Although proteins often adopt rather complex folds, the fact of the matter is that the backbone of a protein molecule adopts a knotted configuration in only a very few proteins among the thousands of known protein folds. This is contrary to what would be expected if protein backbones followed essentially random paths in space; for spatial curves as long as medium-sized proteins, knots would be expected to dominate. The observation that native protein folds hardly sample the space of knotted conformations – a space that represents the majority of all possible conformations – has profound implications for protein folding in general, and for the Thermodynamic Hypothesis (first posed by Anfinsen) in particular.

Despite their rarity, there are a few special cases where knotted proteins have been observed, and these provide special opportunities for studying protein folding and stability. The intuition that it might be kinetically difficult for a knotted protein chain to reach its native state can be considered in reverse, with the conclusion that knotting and other kinds of topological entaglements could kinetically stabilize the folded states of proteins containing these features. While looking for unusual topological features in protein stuctures, we (Neil King) discovered a novel slipknot feature in a well-known thermostable protein, alkaline phosphatase. Slipknots in proteins had eluded previous computational methods that searched protein structures for knots, since previous programs only analazed a complete protein backbone in its entirety; when a slipknot is present, the complete curve appears to be unknotted (since if you pull on the two ends the knot would be undone), but a true knot exists as a partial structure within the backbone. Neil’s 2007 JMB paper introduced the idea of a 2D knotplot (see figure second from top) to convey whether knots were contained as partial structures within proteins.

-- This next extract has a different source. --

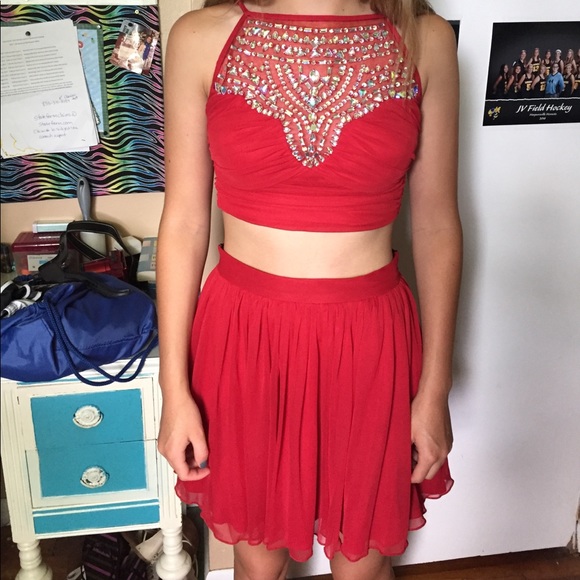 Red 2 piece homecoming/prom dress - Picture 5 of 5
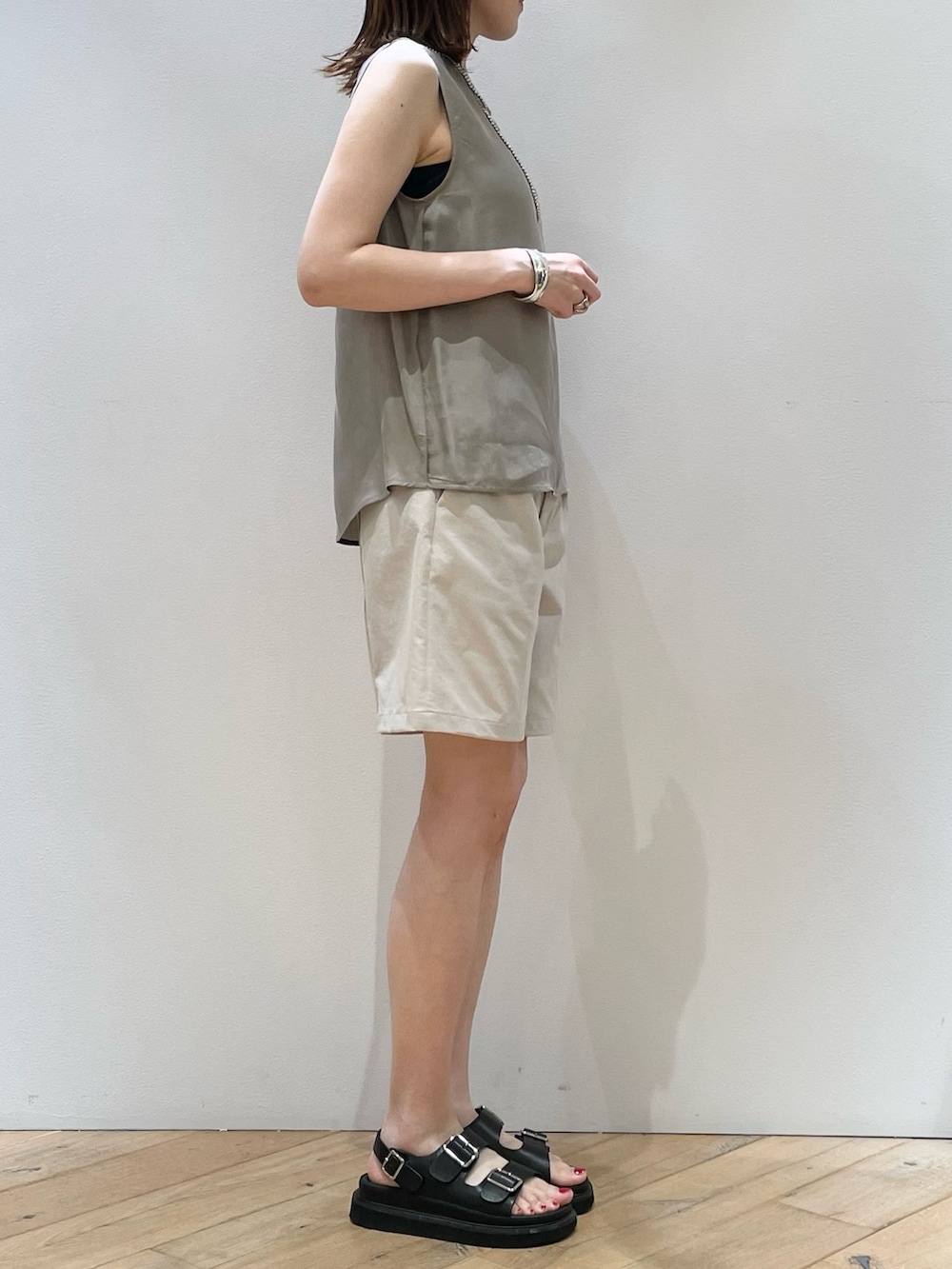 「夏コーデ、タンクトップ、ショートパンツ、ハーフパンツ、大人カジュアル、休日スタイル、休日コーデ、30代コーデ、30代ファッション、ママコーデ、ママファッション、アウトドアスタイル、リゾートスタイル、海コーデ、旅行コーデ」｜「Rouge vifのフロントタックショートパンツ（その他パンツ、ベージュ系）」を使った、ひかりさん（骨格ストレート・レディース・162cm）の夏コーディネートの7枚目の写真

Beyond the knotting of individual protein chains, a few rare cases are known in which protein chains from two different subunits form topologically interlinked chains. One of these was discovered in the lab by Danny Boutz in the citrate synthase dimer from P. aerophilum.

In subsequent work we used protein design to generate novel types of protein topologies in order to test the consequences of topological complexity on protein folding, and as a potential avenue for creating interesting types of protein-based materials.